Sebelum Kementerian Perdagangan menerbitkan ketentuan HET, minyak goreng masih bisa ditemukan di pasaran, meski dengan harga yang cukup tinggi.

Adapun penyebab harga mahal itu, menurut dia, karena mengikuti harga minyak goreng di pasar dunia. Namun, setelah pemerintah menerbitkan kebijakan HET minyak nabati itu hilang dari pasar.

“Setelah kebijakan HET dicabut, seketika itu produk minyak goreng kembali ada di pasaran,” tutur Master. Selain itu, Master juga menyoroti tidak adanya lembaga yang mengontrol distribusi minyak goreng sebagaimana Pertamina yang memiliki wewenang atas bahan bakar minyak (BBM).

Sebelumnya, Jaksa menuntut Majelis Hakim Tipikor menghukum Master 12 tahun penjara dan denda Rp 1 miliar subsider 6 bulan kurungan.

Sementara, terdakwa lainnya, Direktur Jenderal Perdagangan Luar Negeri (Dirjen Daglu) Kementerian Perdagangan, Indra Sari Wisnu Wardhana menyebut tuntutan Jaksa kabur.

Dalam pleidoinya, ia menilai Jaksa menyembunyikan fakta persidangan demi kebenaran dakwaan mereka. Indra Sari meminta Jaksa tidak menyembunyikan fakta persidangan. Menurutnya, banyak fakta sidang itu tidak dimuat dalam tuntutan Jaksa.

“Sebenarnya saya berharap jaksa penuntut umum membuat surat tuntutan yang sesuai fakta persidangan secara lengkap bukan dikaburkan atau disembunyikan,” ujar Indra Sari.

Kerugian negara

Kasus ini berlatar belakang upaya pemerintah mengendalikan harga minyak goreng dan mengatasi kelangkaan di pasaran melalui aneka kebijakan mulai dari kebijakan satu harga hingga menetapkan Domestic Market Obligation (DMO).

Kebijakan DMO inilah yang dianggap dikangkangi oleh para terdakwa, karena terbit ijin ekspor ketika kewajiban memasok kebutuhan dalam negeri belum dilakukan sepenuhnya. Akibatnya terjadi kelangkaan minyak goreng di pasaran.

Adapun lima terdakwa dalam kasus ini antara lain, Indrasari Wisnu Wardana selaku Dirjen Perdagangan Luar Negeri Kementerian Perdagangan, Master Parulian Tumanggor selaku Komisaris PT Wilmar Nabati Indonesia; Stanley MA selaku Senior Manager Corporate Affairs PT Victorindo Alam Lestari; Pierre Togar Sitanggang selaku General Manager di Bagian General Affair PT Musim Mas). Serta Weibinanto Halimdjati atau Lin Che Wei (pendiri dan penasihat kebijakan/analisa PT Independent Research & Advisodry Indonesia sekaligus Tim Asistensi Menko Perekonomian).

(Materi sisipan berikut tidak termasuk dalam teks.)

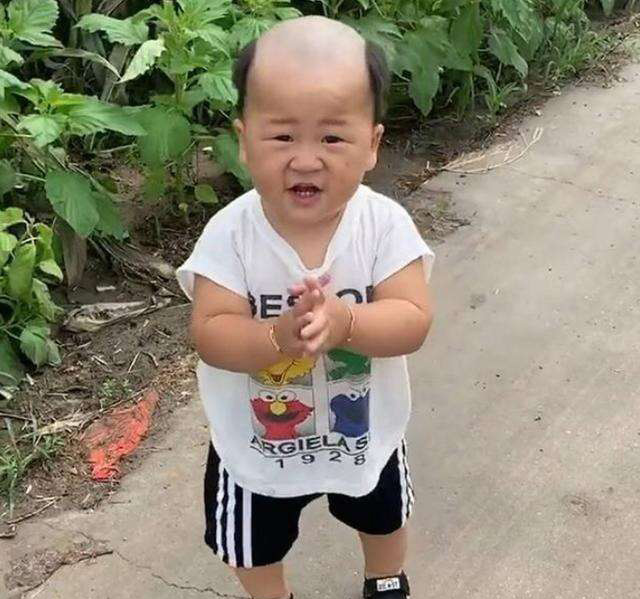 Ông bố ra tay cắt tóc cho con, mẹ nhận sản phẩm mà đắng lòng không để đâu cho hết-3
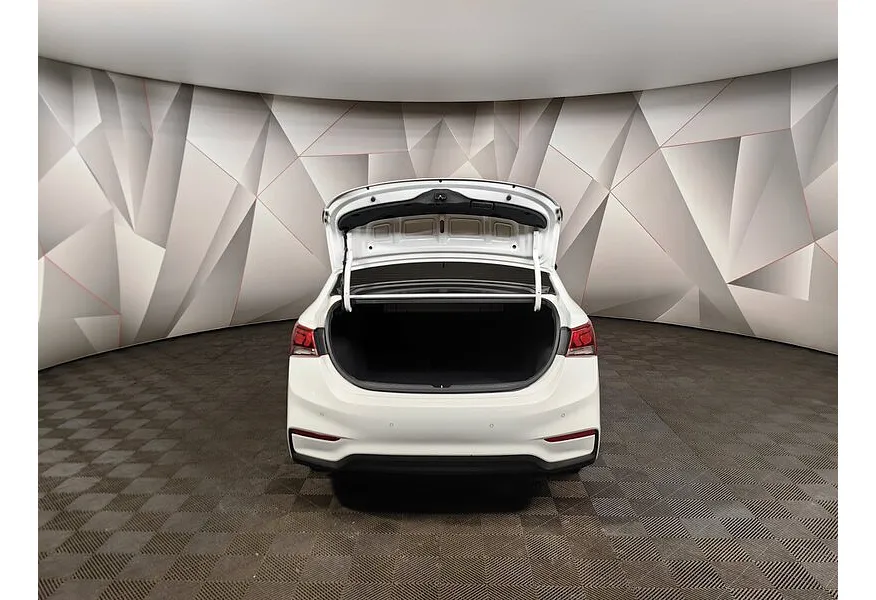 АВИЛОН - Hyundai Solaris 1.6 MT (123 л.с.) Comfort + Advanced + Winter Белый - slide 11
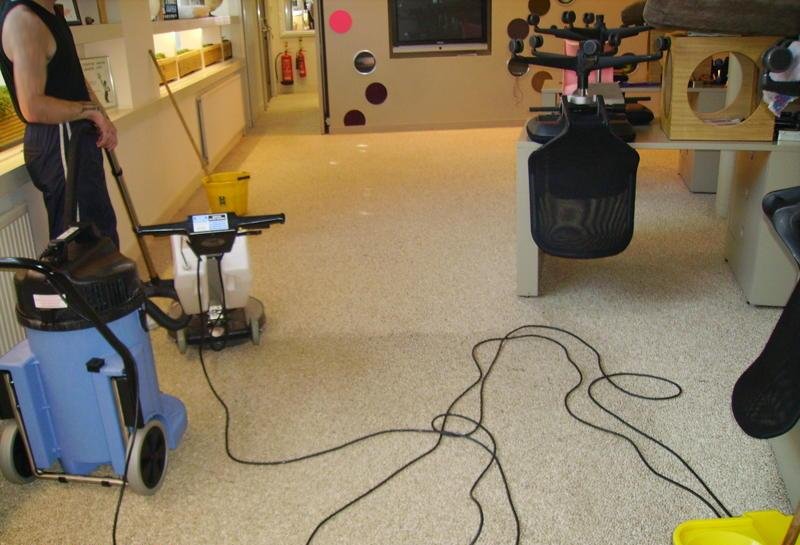 Hard Floor cleaned at a ladies hair dressing Salon by Tile Doctor Essex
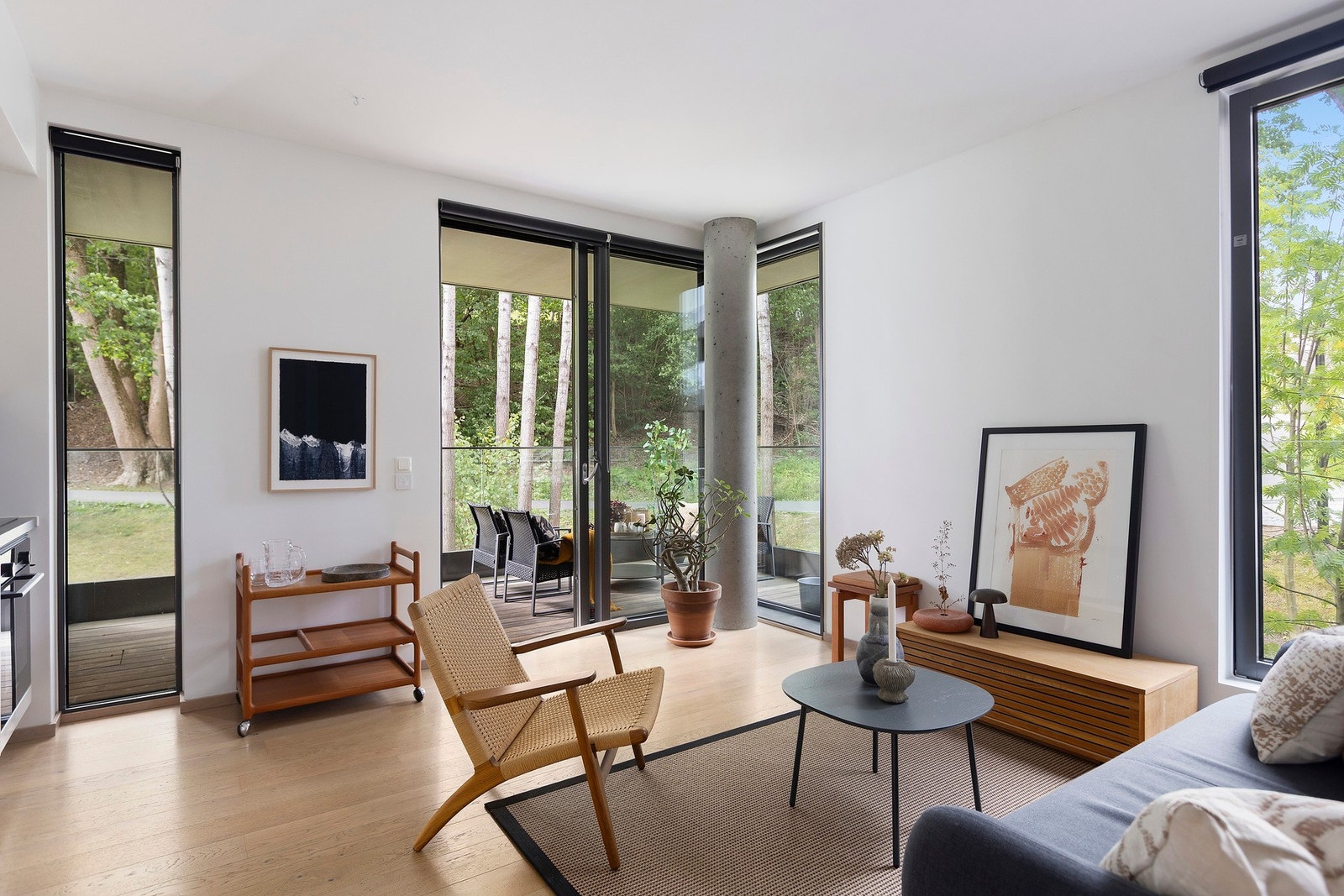 Hybelen har en lys og romslig stue-/kjøkkenløsning med store vindusflater og lite innsyn Galleribilde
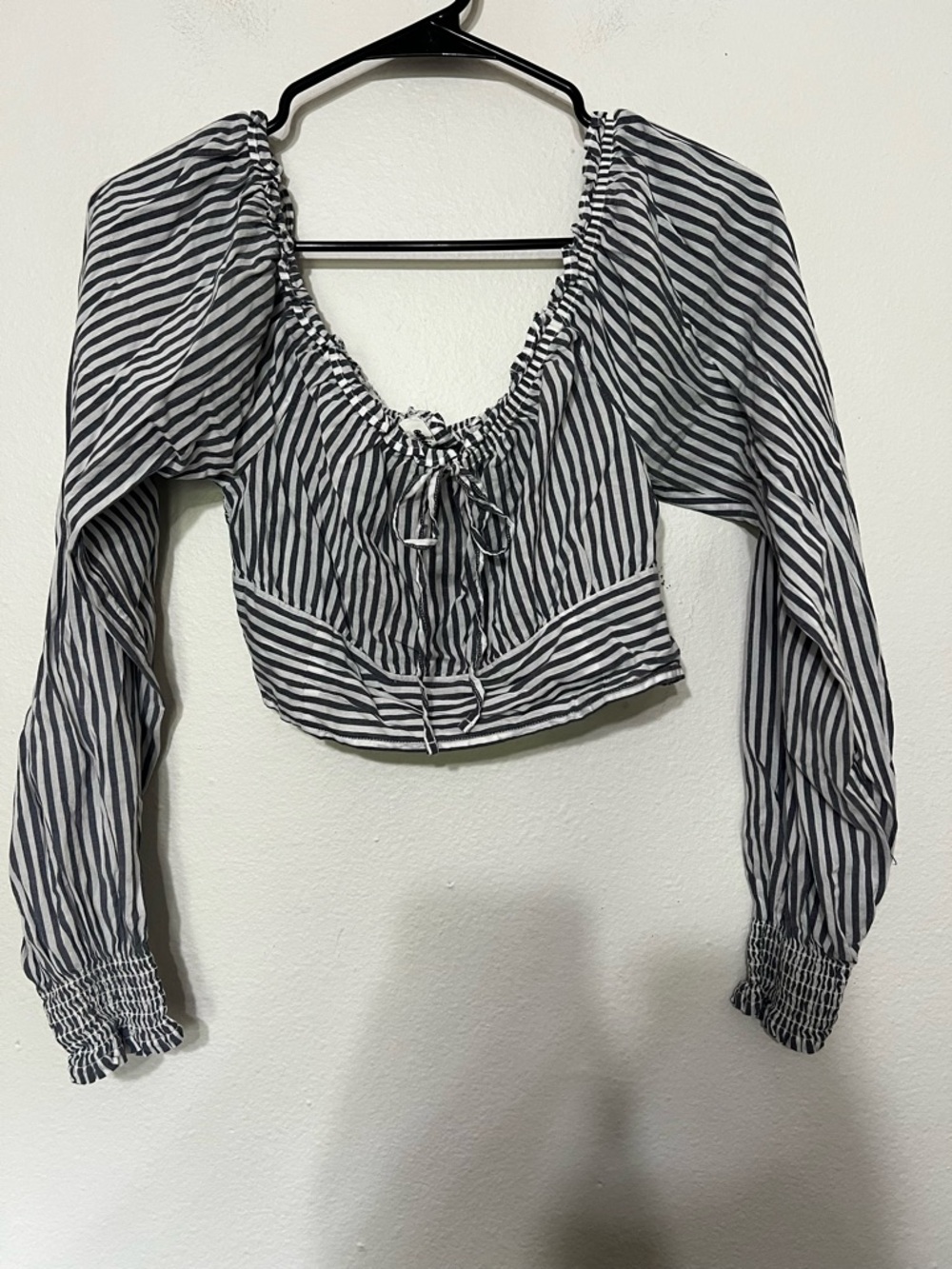 Aerie Gray and White Striped long Sleeve Smocked Crop Top Size Small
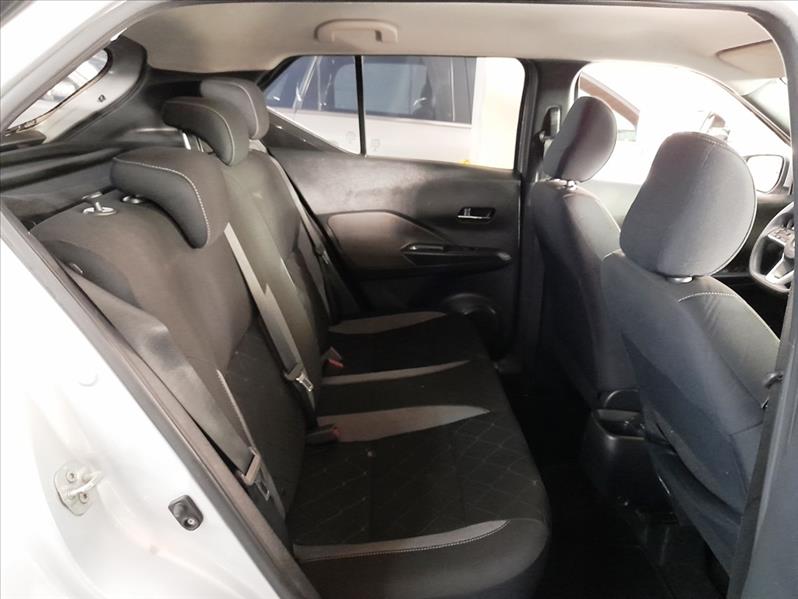 NISSAN KICKS - 4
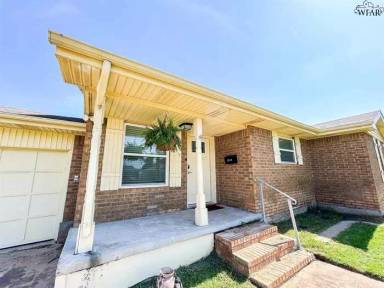 Main picture of 1514 Christine Rd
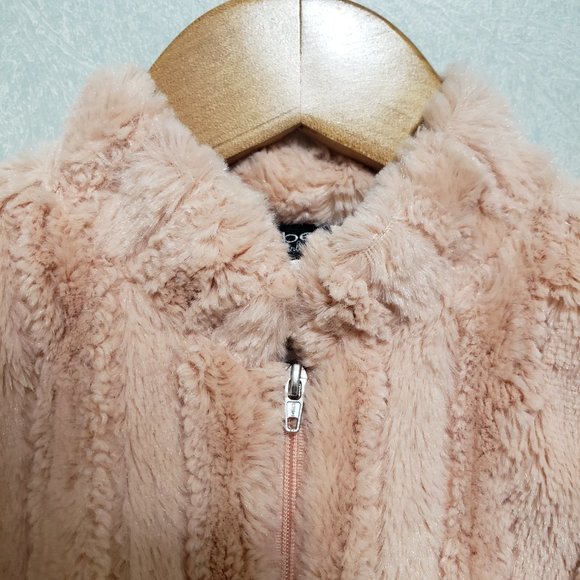 Bebe Girls Pink Faux Fur Ruffle Zip Up Vest - Picture 4 of 10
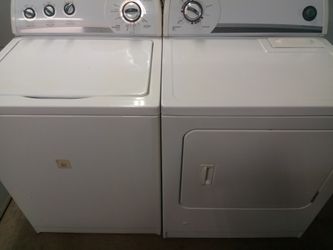 Nice Whirlpool set washer and gas dryer they both work great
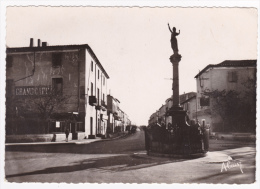 Mèze - Avenue De Montpellier - Monument Au Centre Du Carrefour, Grand Café à Gauche - Pas Circulé - Mèze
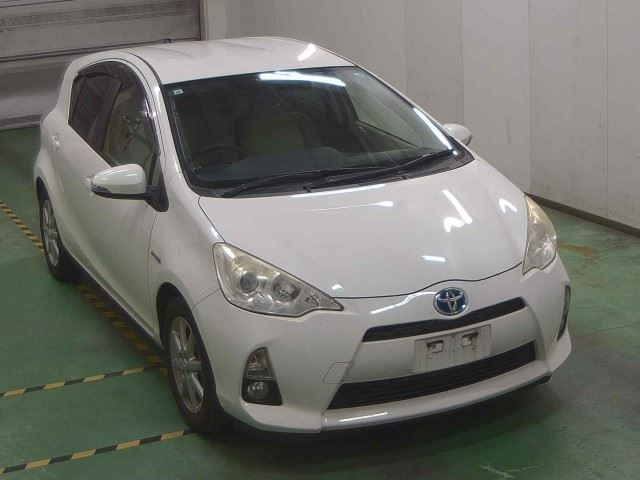 TOYOTA AQUA 2013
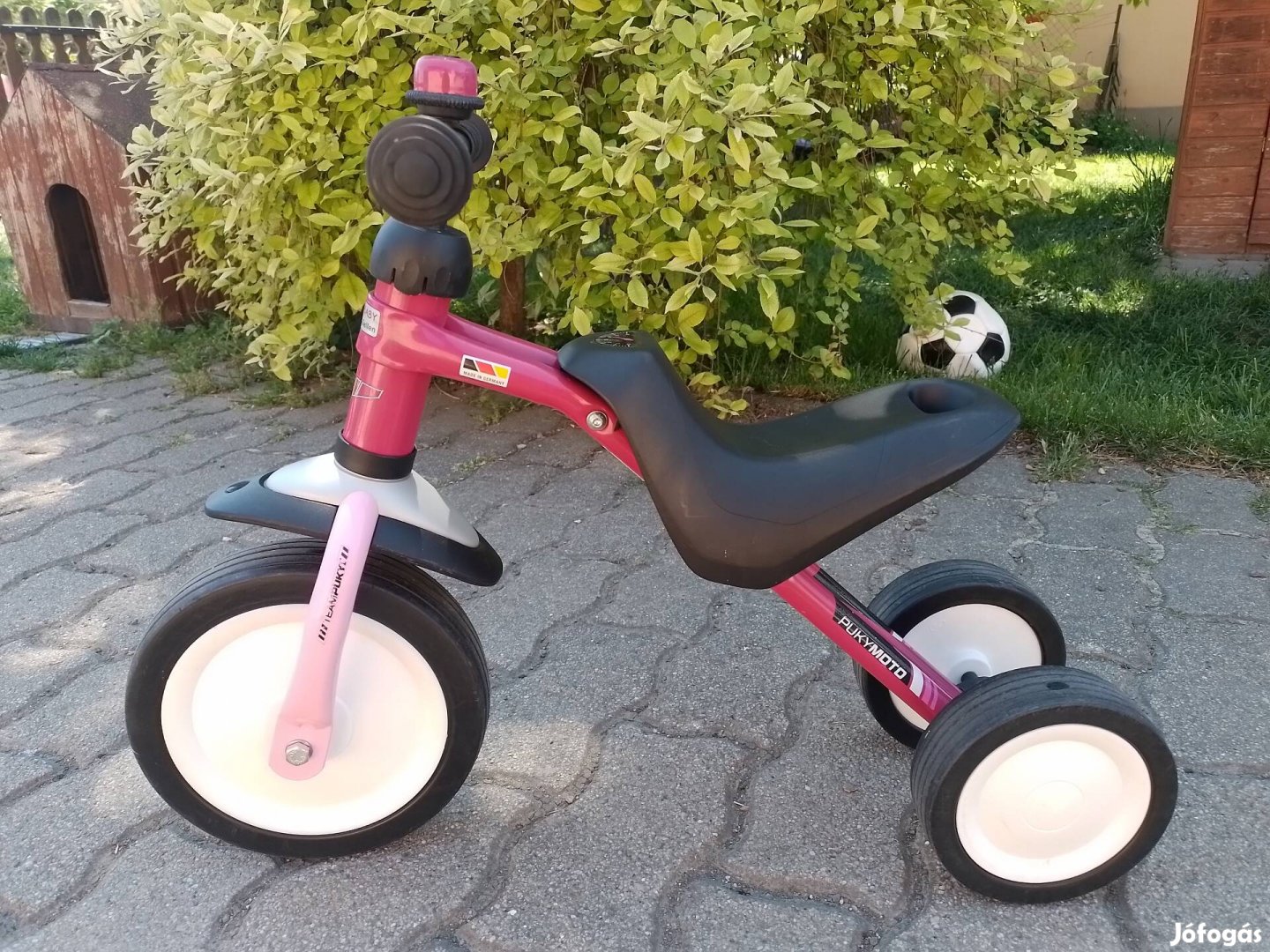 Kislány 3 kerekü motor.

Jaksa Penuntut Umum Kejaksaan Agung dalam persidangan dengan agenda pembacaan surat dakwaan di Pengadilan Tindak Pidana Korupsi pada Pengadilan Negeri Jakarta Pusat pada Agustus lalu menyebut ada kerugian negara akibat tindakan terdakwa.

Lima terdakwa dalam perkara dugaan tindak pidana korupsi dalam pemberian fasilitas ekspor crude palm oil (CPO) dan turunannya pada bulan Januari 2021 sampai dengan Maret 2022 atau kasus izin ekspor CPO didakwa telah merugikan keuangan negara Rp 6,04 triliun dan merugikan perekonomian negara Rp 12,31 triliun. Dengan demikian, jika dijumlah kerugian mencapai Rp 18,35 triliun.

Dengan tidak disalurkannya DMO dan negara harus mengeluarkan dana BLT dalam rangka mengurangi beban rakyat selaku konsumen.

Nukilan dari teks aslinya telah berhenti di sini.